We have discussed what a global pricing strategy is and the difficulties that are inherent with a global pricing strategy. This post will discuss the importance of having a viable global pricing strategy. Most importantly it is essential for a firm to have a viable global pricing strategy because it directly affects their bottom line. Firms have to take into consideration all of the difficulties and costs associated with operating internationally. There are many global pricing strategies to choose from, so firms need to choose one that is aligned with their mission, goals, and objectives. No matter which strategy a firm chooses their overall costs will be higher.
If a firm enters into a domestic market with a price penetration strategy than they will have to keep costs minimized in order to make a profit. That should not be too difficult because they can use economies of scale and efficient distribution channels to do so. However, if a firm enters into a foreign market with a global price penetration strategy they will have to keep costs even lower if they want to make a profit. This is because of the additional costs that a company incurs when exporting their goods to a foreign market. In addition to the exporting and transportation costs the firm will have to price their good lower than any other good in their market if they want to gain a lot of market share. They are at a distinctive disadvantage to the domestic producers because their costs are higher and prices lower thus making their margin smaller. It is important for a firm to know exactly how they want to price their goods or services compared to their competition to know what strategy they should pursue.
That was just a general example of what it would look like for a firm to choose penetration pricing as their global pricing strategy. As you can see, their margins were squeezed because of the higher costs and lower prices of their products. However, it is possible for a firm to combat these higher costs by producing their products in the foreign country. They could set up their own manufacturing plant or buy a company that already exists in the foreign market. After doing a PESTLE analysis of the foreign country they would be able to know if moving production there would even be a good idea.
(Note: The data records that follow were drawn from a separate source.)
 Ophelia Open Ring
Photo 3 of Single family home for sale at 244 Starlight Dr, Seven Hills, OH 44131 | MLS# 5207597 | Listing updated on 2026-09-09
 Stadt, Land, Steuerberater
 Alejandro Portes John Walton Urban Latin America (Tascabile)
If in fact it is a viable marketplace to manufacture their goods then they should do it. This would allow them to have better competing prices, directly affect their global pricing strategy, and most importantly improve their bottom line.
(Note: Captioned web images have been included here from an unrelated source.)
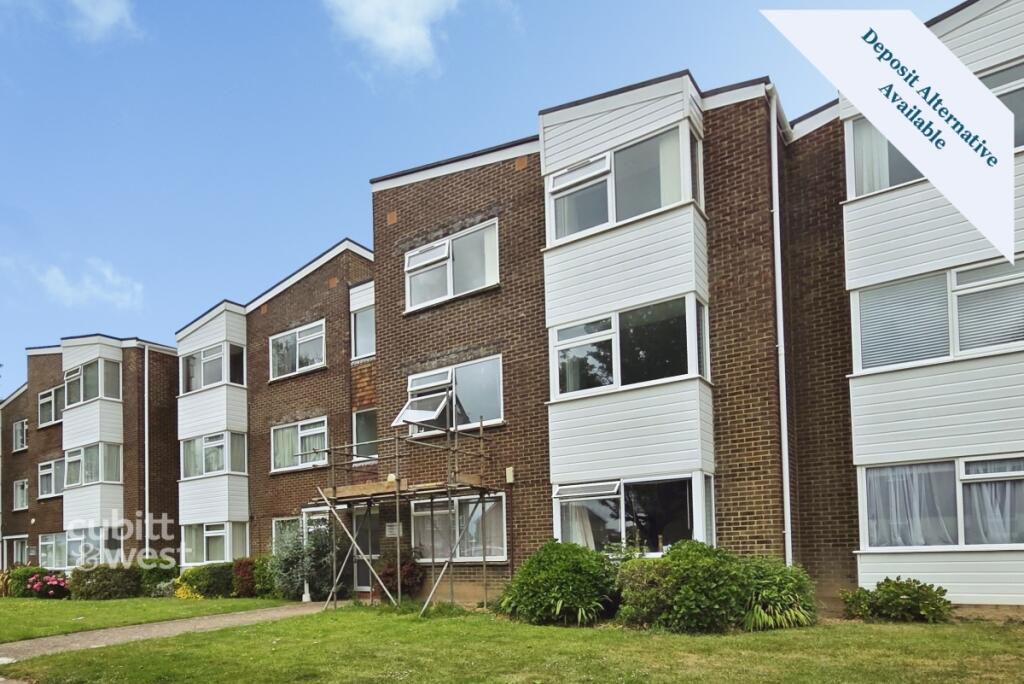 2 bed Apartment for rent in Clapham. From Cubitt & West Residential Lettings - Bognor Regis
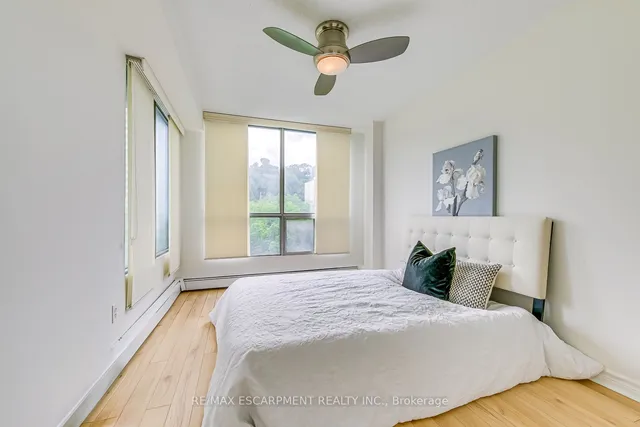 Additional property image - 150 Charlton Ave Unit 1205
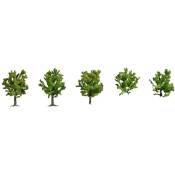 Noch - 25610 Assortiment darbres arbre fruitier 80 mm (max) 5 pc(s)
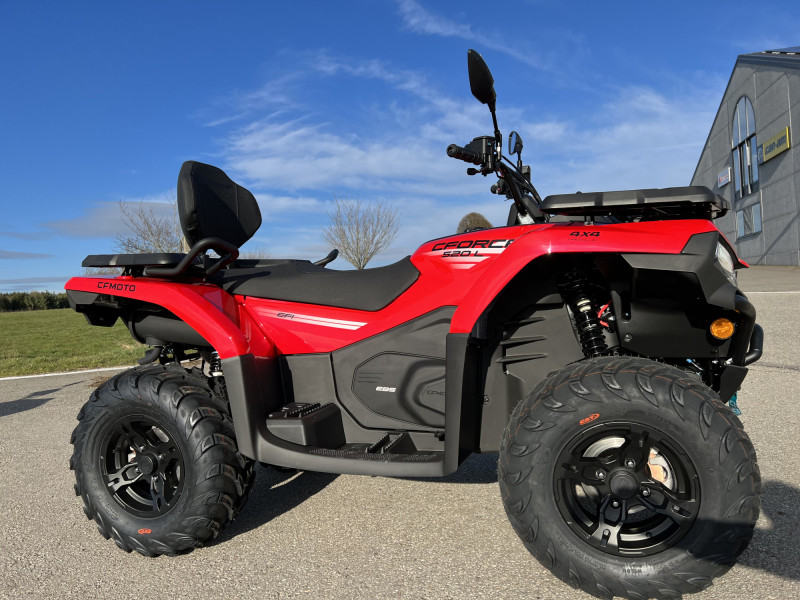 CF Moto CForce 520 L EPS L7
There are many factors that go into having a good global pricing strategy, and there is no one right answer for the best one. In fact, firms need to have different global pricing strategies for different foreign markets because of all the political, economic, technological, cultural, and legal differences between countries. Remember, the bottom line will be directly affected depending on the global pricing strategy used so do the research and due diligence necessary before implementing a new strategy!